The optimal number of filled boxes `η_opt`

is calculated by minimising the number of calculations.

\[\eta_\textrm{opt} = N^{2/3}\cdot \frac{3^\nu - 1}{3^P - 1}^{1/2}.\]

`P`

is the dimension of the data or the number of edges on the prism that don't span the whole dataset.

Then the optimal boxsize $r_0$ computes as

\[r_0 = \ell / \eta_\textrm{opt}^{1/\nu}.\]
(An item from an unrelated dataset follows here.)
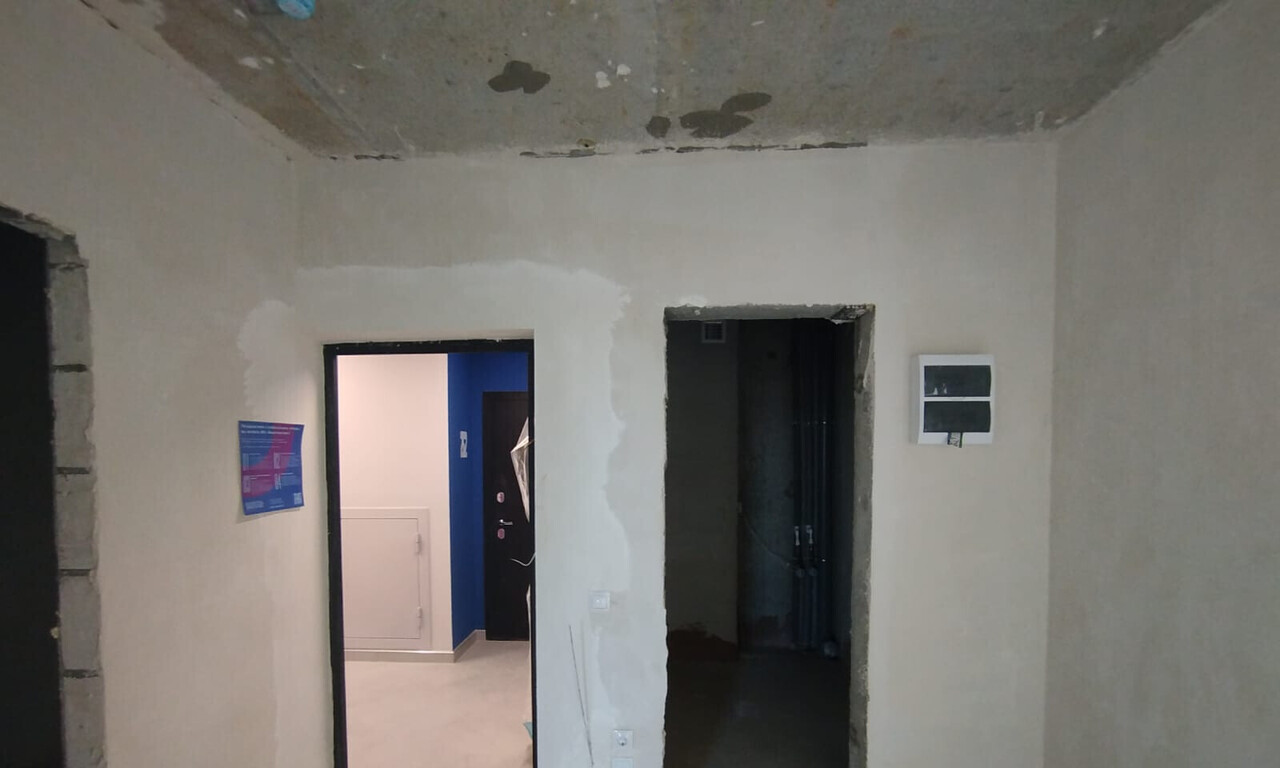квартира р-н Тихорецкий г Тихорецк ул Калинина 114 Тихорецкое городское поселение фото 5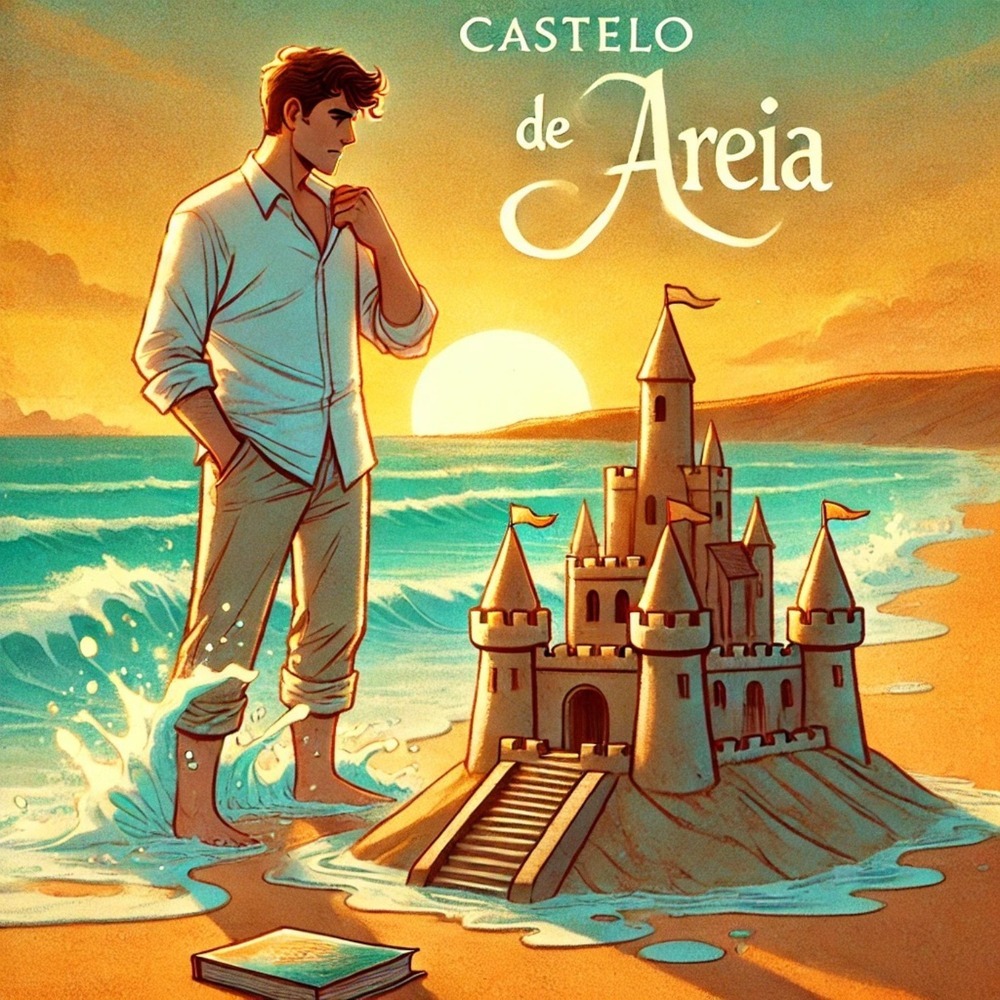 Castelo de Areia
`FractalDimensions.estimate_r0_theiler`

— Function`estimate_r0_theiler(X::AbstractStateSpaceSet) → r0, ε0`

Estimate a reasonable size for boxing the data `X`

before calculating the `boxed_correlationsum`

proposed by (Theiler, 1987). Return the boxing size `r0`

and minimum inter-point distance in `X`

, `ε0`

.

To do so the dimension is estimated by running the algorithm by Grassberger and Procaccia (Grassberger and Procaccia, 1983) with `√N`

points where `N`

is the number of total data points. Then the optimal boxsize $r_0$ computes as

\[r_0 = R (2/N)^{1/\nu}\]

where $R$ is the size of the chaotic attractor and $\nu$ is the estimated dimension.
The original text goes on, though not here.